Laws such as HB 56 and SB 1070 and ICE Access programs such as Secure Communities are meant to make life so difficult for immigrants that they live in a constant state of fear. This makes it easier for employers to control and exploit an already vulnerable immigrant workforce, and it makes it even harder for immigrant workers to stand up for their rights. In this light, it is interesting to note that Judge Blackburn chose to enjoin the provisions of HB 56 that would have made it illegal for undocumented immigrants to look for or accept work.
Since HB 56 has gone into effect, there have been reports of large numbers of immigrants pulling their children out of school or leaving the state; with no one to harvest them, crops have been rotting in the fields.

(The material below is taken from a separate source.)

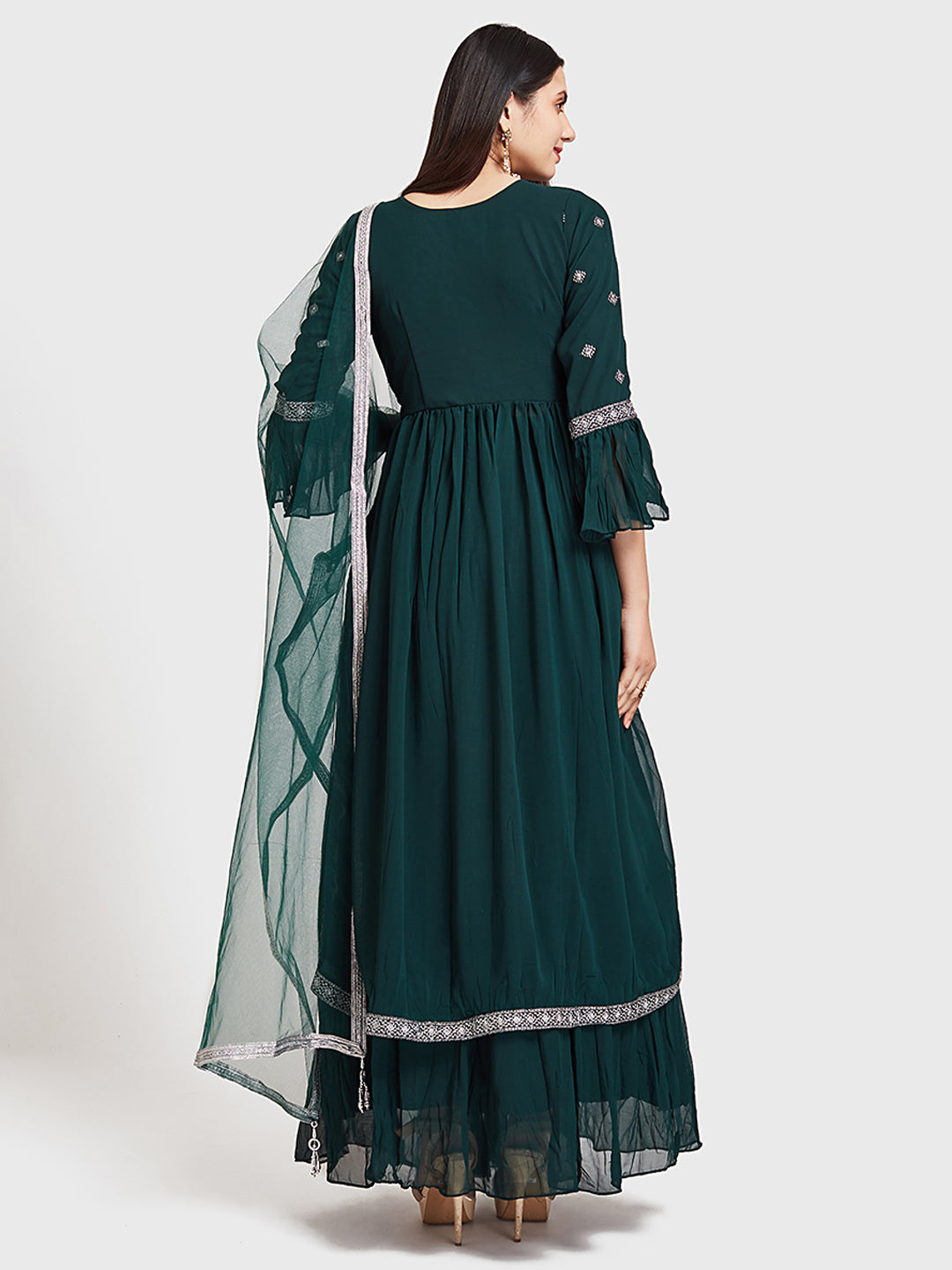 Neerus Green embroidered kurta set with skirt and dupatta - back view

According to one report, 50 Alabama farmers recently met with three legislators to beg them to make emergency changes to the law, citing the fact that they could lose millions of dollars worth of crops if there is no one to pick them. Meanwhile, the fear in the immigrant community continues to grow and spread in the weeks following its enactment.
Since HB 56 took effect, a coalition of civil rights groups including the ACLU, the National Immigration Law Center, the Southern Poverty Law Center, and the Hispanic Interest Coalition of Alabama filed an emergency request with the 11th Circuit Court of Appeals to block some of the harshest provisions of the law from going into effect.
On Oct. 14, the appeals court granted an emergency stay of two of the most severe provisions of the law. At least temporarily, public schools in the state will not be allowed to track the immigration status of their students, and it will no longer be considered a crime for a person not to be carrying proof of their immigration status with them. However, with provisions such as the one allowing law enforcement agents to question people regarding their status still in effect, many predict that it is likely that this issue will eventually reach the Supreme Court.
HB 56 is only the tip of the iceberg, and it is clear that more states will soon follow suit with similar laws. With a philosophy like “attrition through enforcement” in play, more than a legal injunction is needed to stop this most recent wave of anti-immigrant legislation. However, local community organizing groups like the Alabama Coalition for Immigrant Justice, Alabama Dreamers for the Future, and many different local churches have observed an increasing outpouring of regional and national support for the movement against HB 56 in Alabama.
“What’s happening is a continuing growth of the civil rights movement,” said Scott Douglas, director of the Greater Birmingham Ministries. “Back then [during the heyday of the civil rights movement] it was people in the black church [who were] involved, and the white church was silent. This time, there are black churches, brown churches and white churches saying ‘not in our names.’”
While no official boycott of Alabama or similar long-term organizing strategy has yet been announced, it is this kind of solidarity across artificially constructed borders and racial lines that will eventually help defeat HB 56 and other anti-immigrant laws.